=== Required work ===
Reproduce only what runs from the line containing "Sourdough Starter Warmer" to the line containing "Levně Vlhčené ubrousky" in the records below, inclusive. Keep it exact, and keep the pictures out.

=== Records for this exercise ===
________________________________________

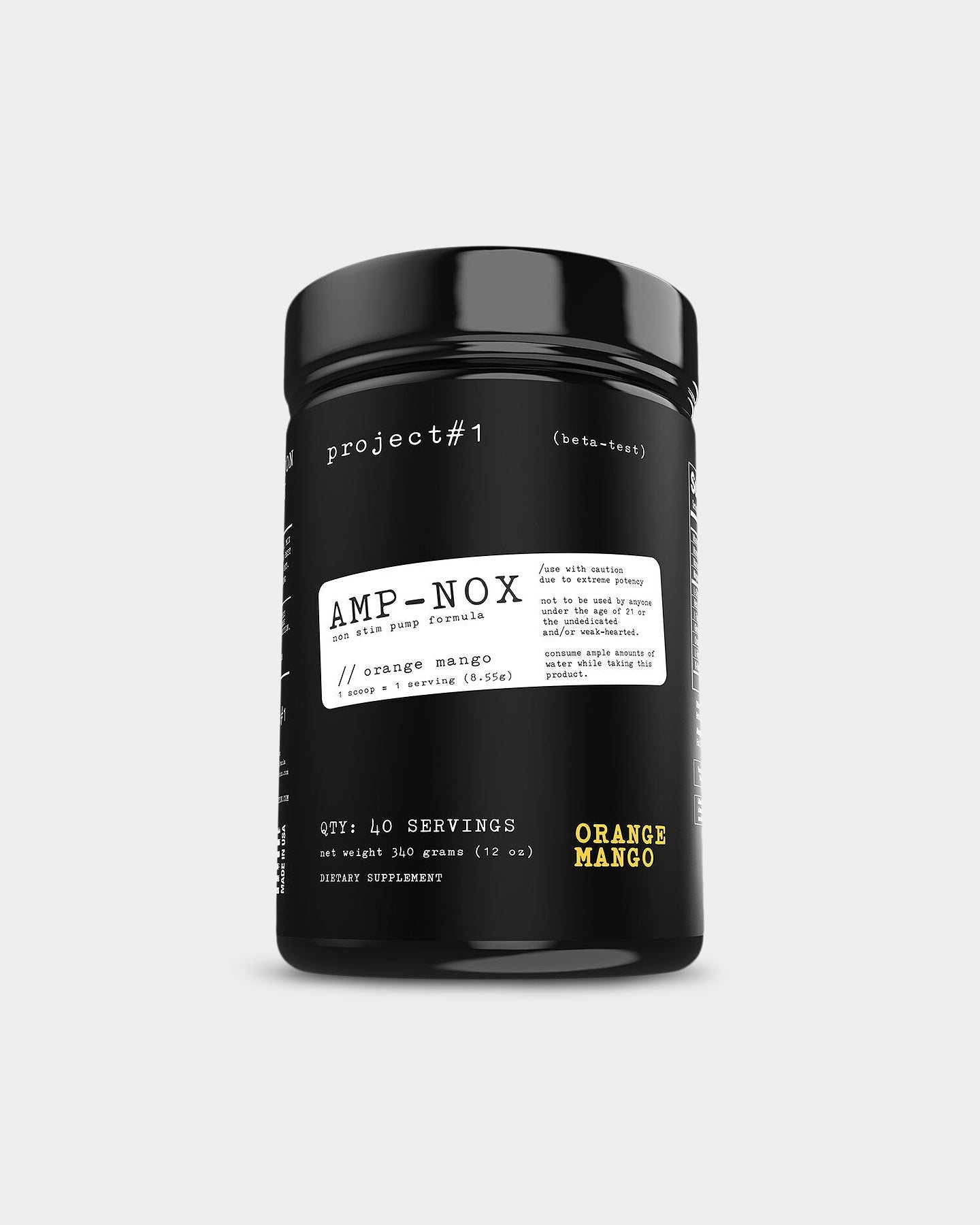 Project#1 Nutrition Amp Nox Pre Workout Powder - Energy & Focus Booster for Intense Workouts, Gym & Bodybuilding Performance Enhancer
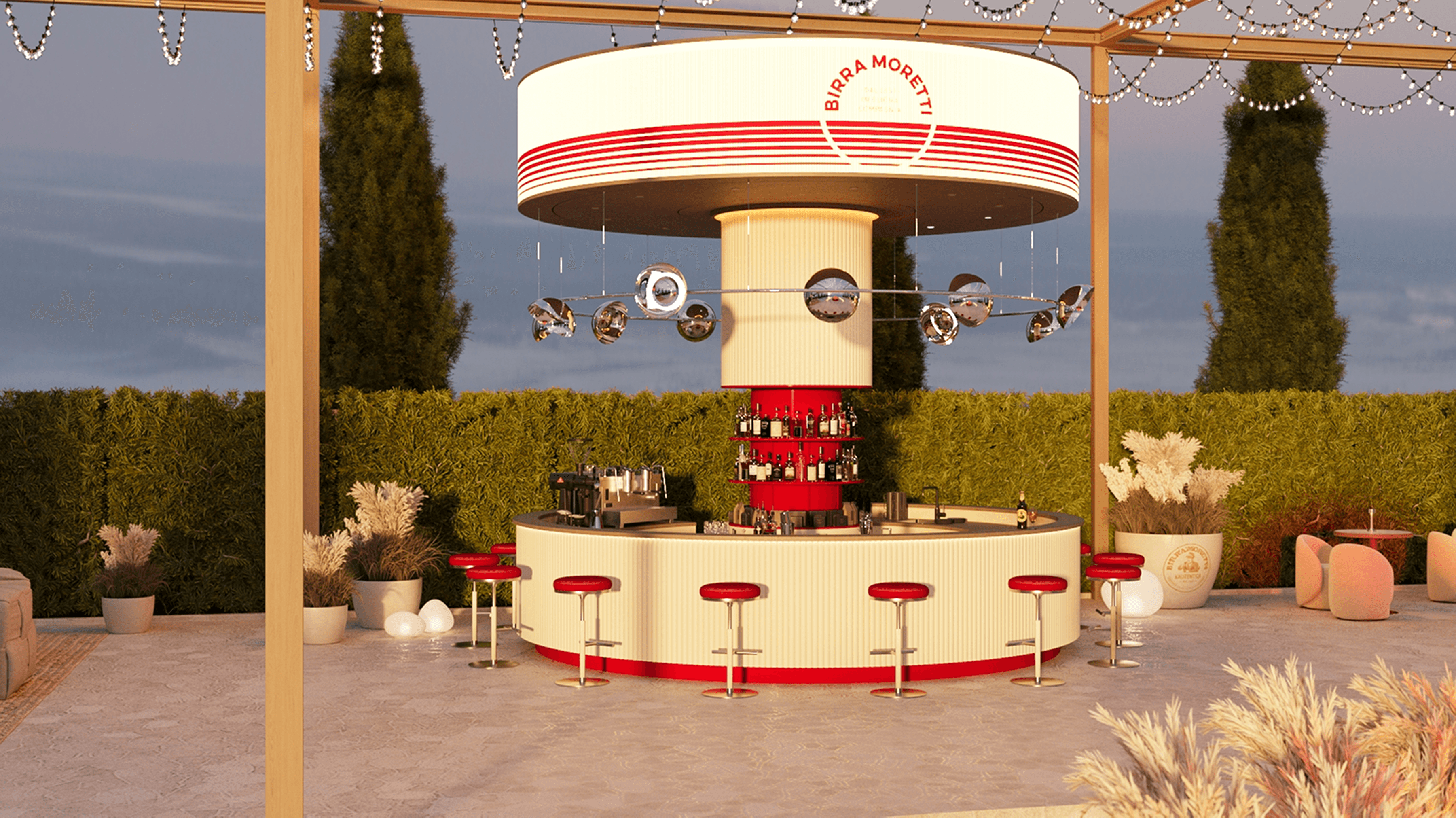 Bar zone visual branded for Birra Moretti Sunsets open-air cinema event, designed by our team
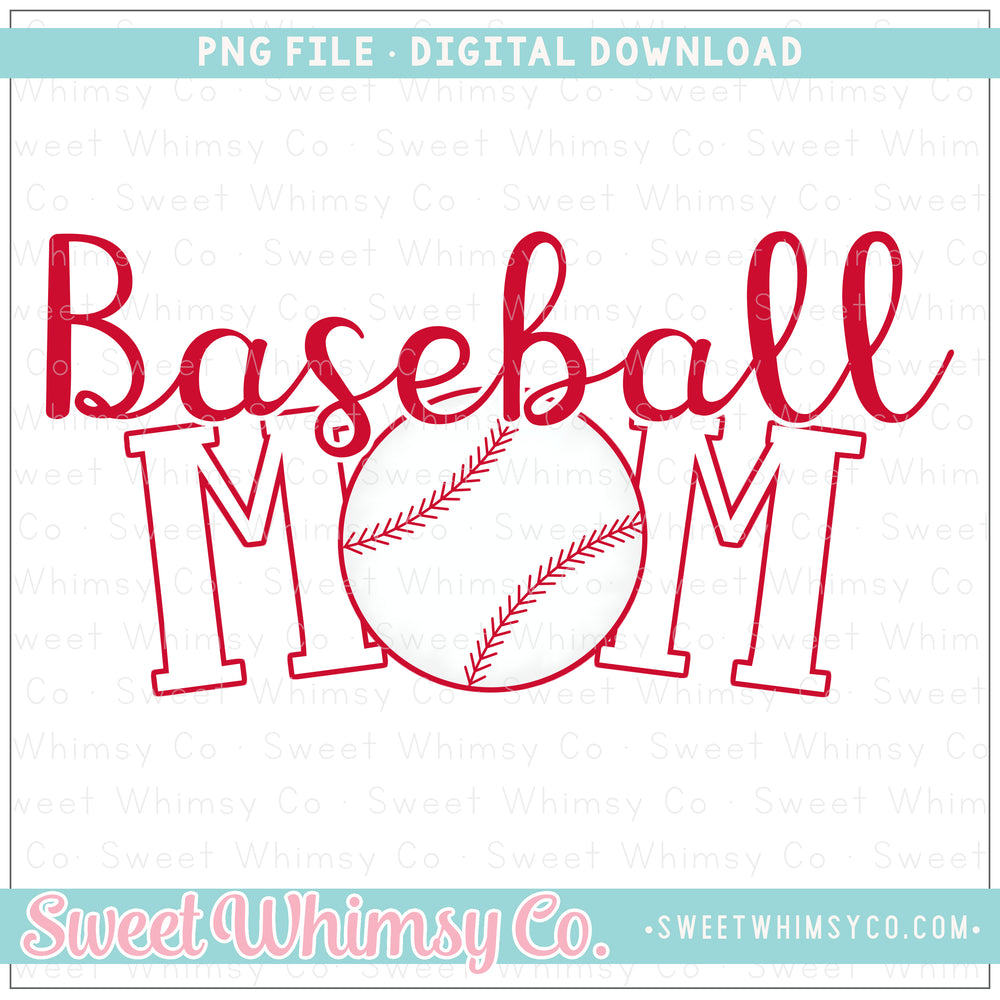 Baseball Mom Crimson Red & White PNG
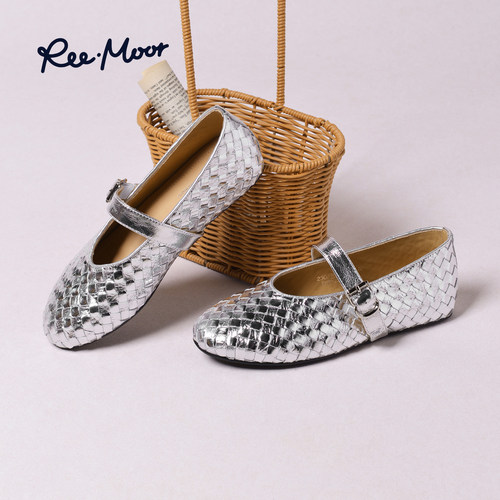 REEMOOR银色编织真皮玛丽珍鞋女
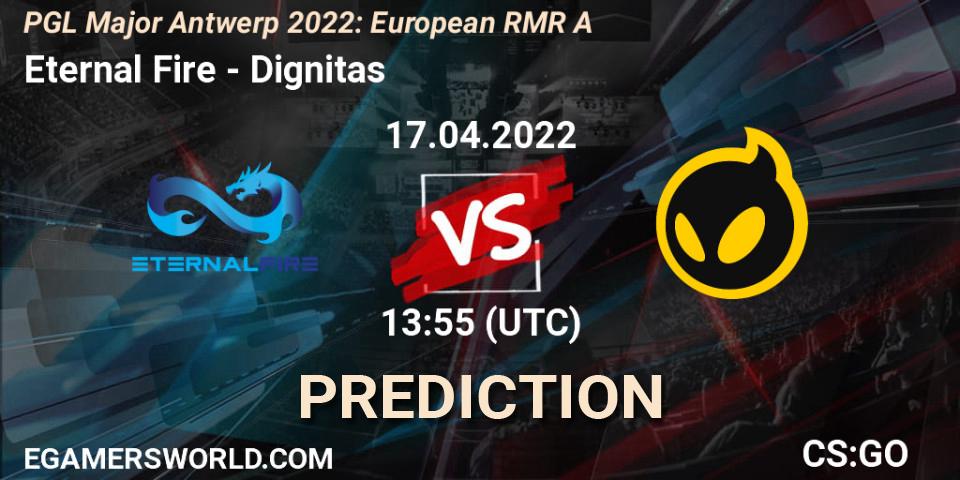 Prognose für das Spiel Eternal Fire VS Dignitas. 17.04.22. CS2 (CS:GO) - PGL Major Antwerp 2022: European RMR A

________________________________________

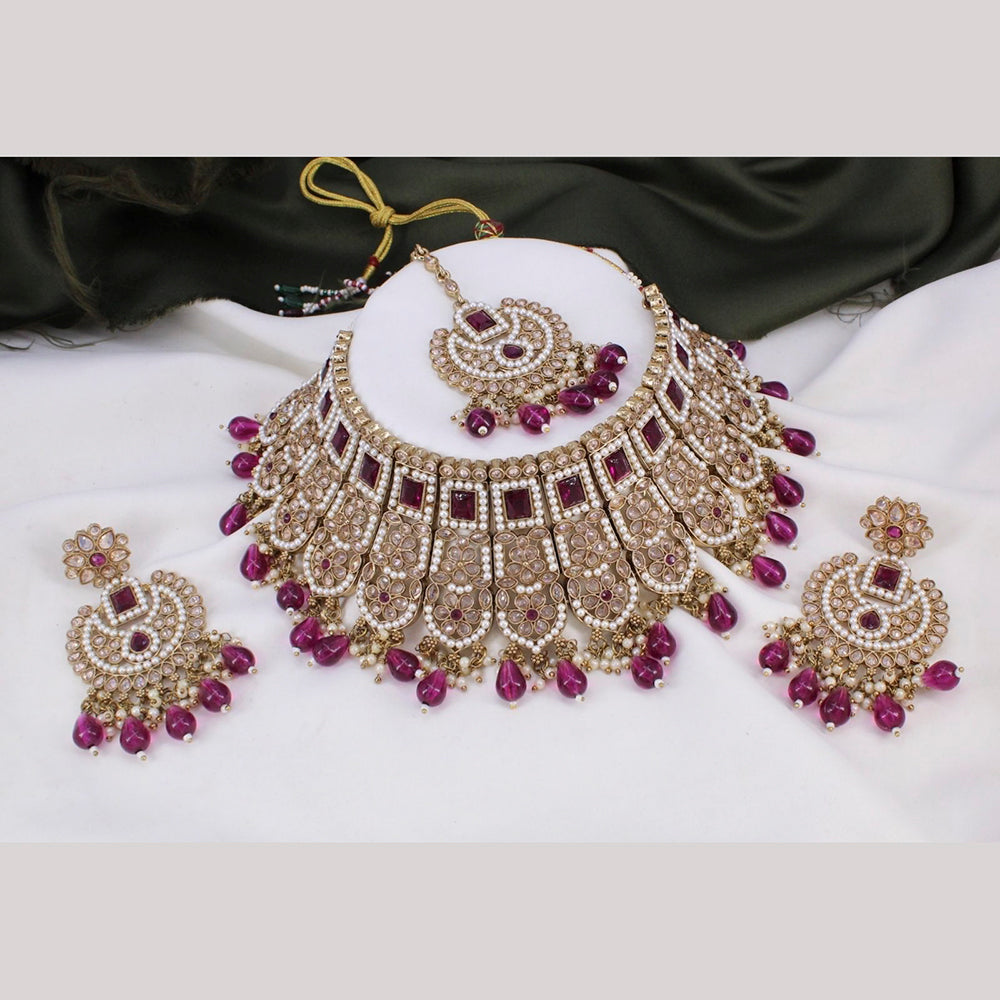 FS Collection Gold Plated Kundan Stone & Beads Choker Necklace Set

________________________________________

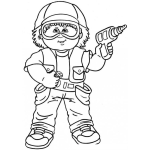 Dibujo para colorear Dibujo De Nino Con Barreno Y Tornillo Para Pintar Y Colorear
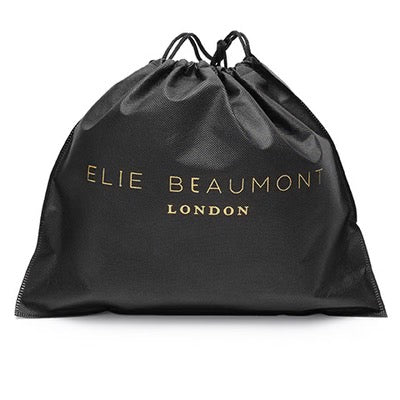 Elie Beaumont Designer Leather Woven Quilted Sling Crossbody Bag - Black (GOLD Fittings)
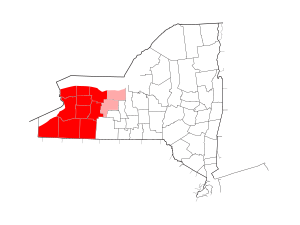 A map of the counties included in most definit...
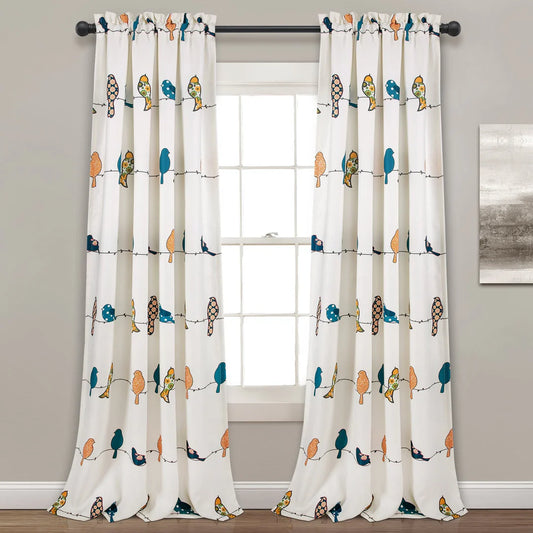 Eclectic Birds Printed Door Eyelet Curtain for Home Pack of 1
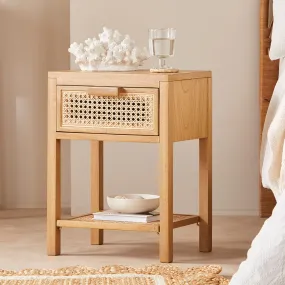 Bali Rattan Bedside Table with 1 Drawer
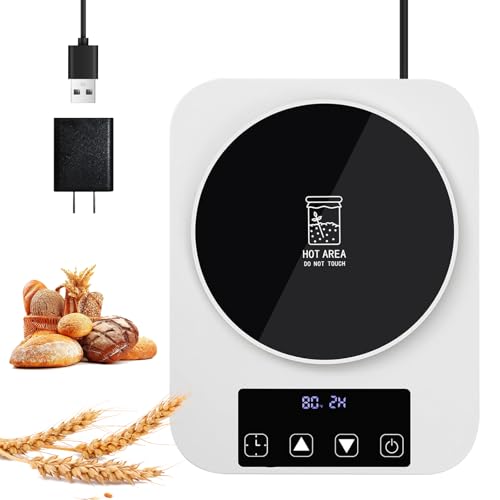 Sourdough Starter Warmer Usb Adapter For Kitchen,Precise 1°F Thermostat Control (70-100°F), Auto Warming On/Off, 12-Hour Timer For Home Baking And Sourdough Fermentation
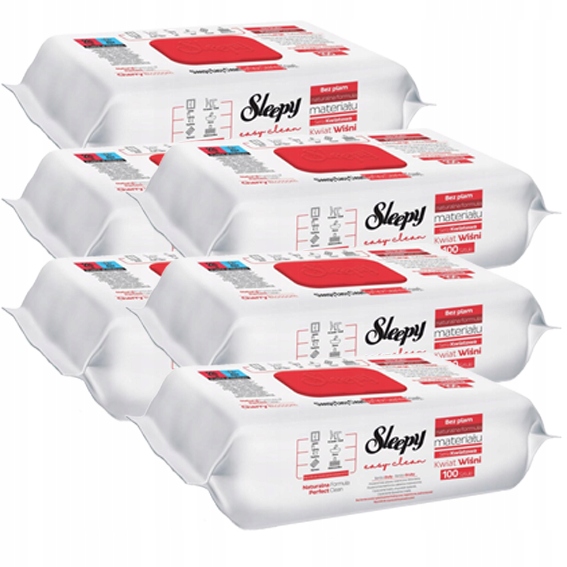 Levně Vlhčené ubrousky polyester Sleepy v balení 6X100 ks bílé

________________________________________

=== Exercise output ===
 Sourdough Starter Warmer Usb Adapter For Kitchen,Precise 1°F Thermostat Control (70-100°F), Auto Warming On/Off, 12-Hour Timer For Home Baking And Sourdough Fermentation
 Levně Vlhčené ubrousky polyester Sleepy v balení 6X100 ks bílé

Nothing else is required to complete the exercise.